» Required action:
Please produce an exact transcription of the lines from the one containing "lexessex nude OnlyFans, Instagram" through the last line of the entries, leaving out every picture.

» Entries supplied:

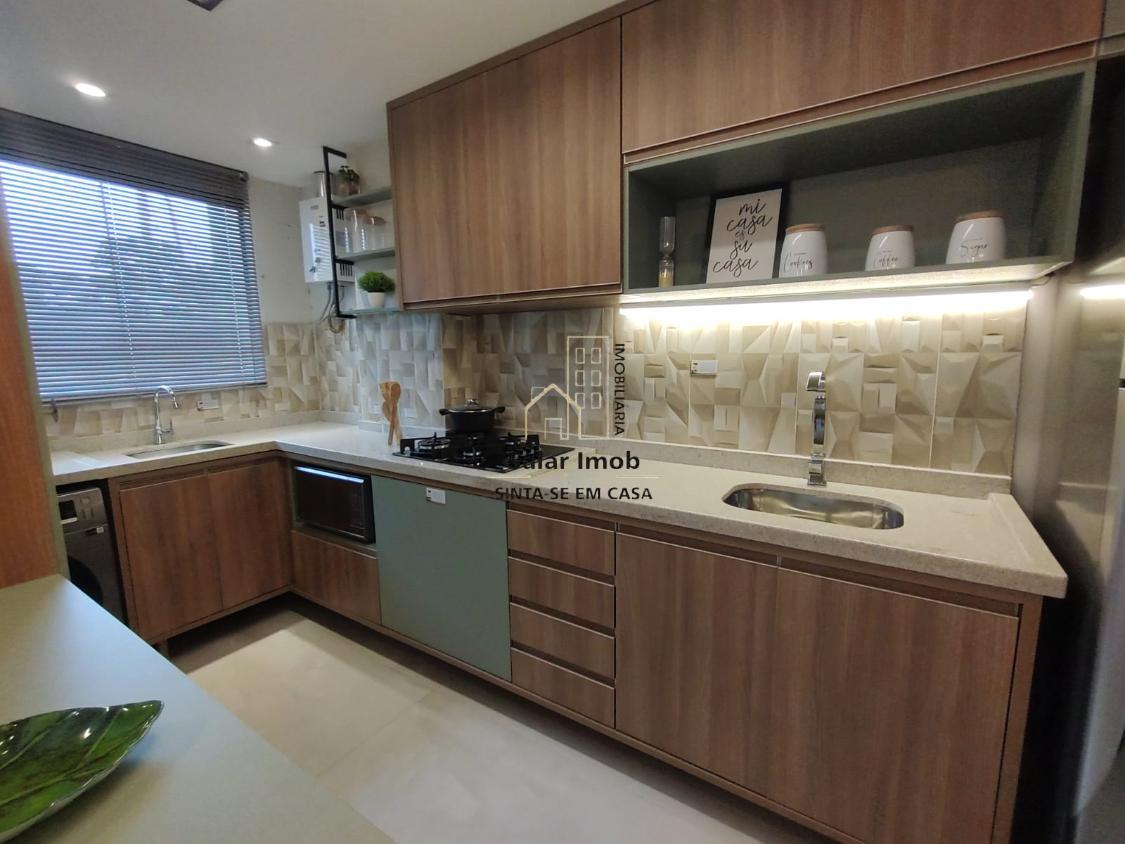 Apartamento, 2 quartos, 55 m² - Foto 11
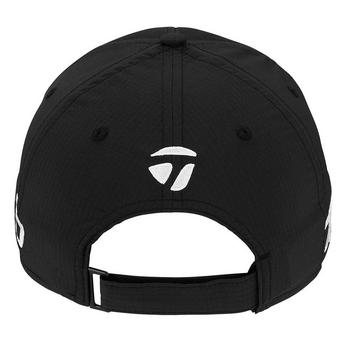 TaylorMade Radar Golf Cap - Black - main image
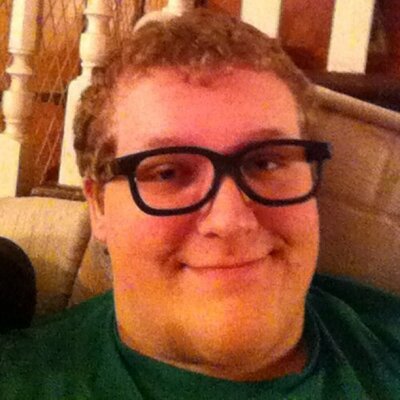 Profile Picture of Chad Gross (@gross_chad) on Twitter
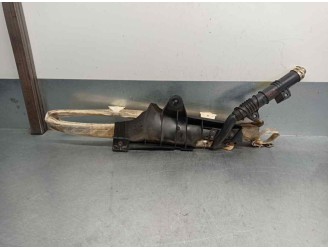 Recambio de airbag cortina delantero derecho para mercedes-benz clase cl (w215) coupe 5.0 v8 24v cat referencia OEM IAM 21586002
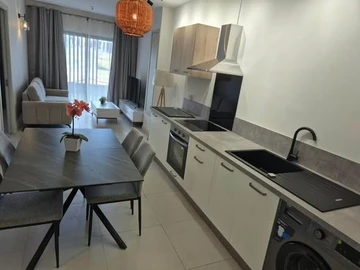 Appartement de 2 Chambres
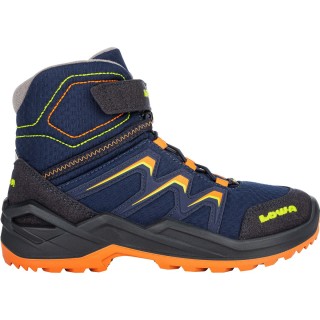 Lowa Kinder Maddox Warm GTX Mid Schuhe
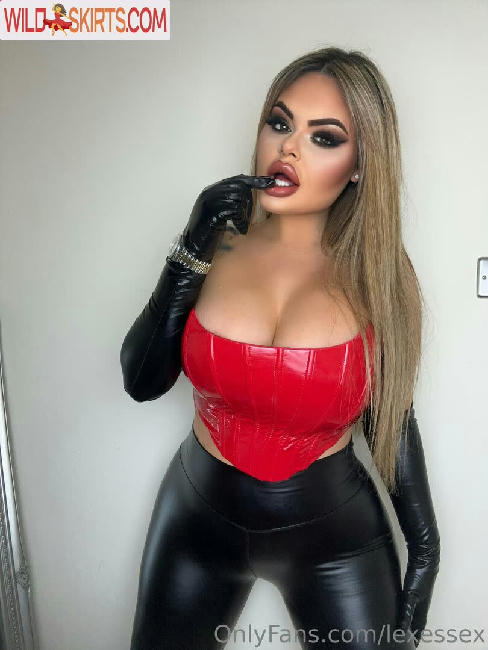 lexessex nude OnlyFans, Instagram leaked photo #180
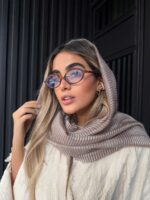 عینک MIU MIU کد 310861 - تصویر 4
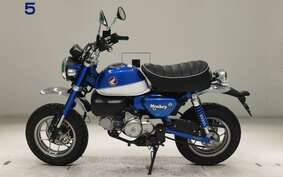 HONDA MONKEY 125 ABS JB02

» Worked solution:
 lexessex nude OnlyFans, Instagram leaked photo #180
 عینک MIU MIU کد 310861 - تصویر 4
 HONDA MONKEY 125 ABS JB02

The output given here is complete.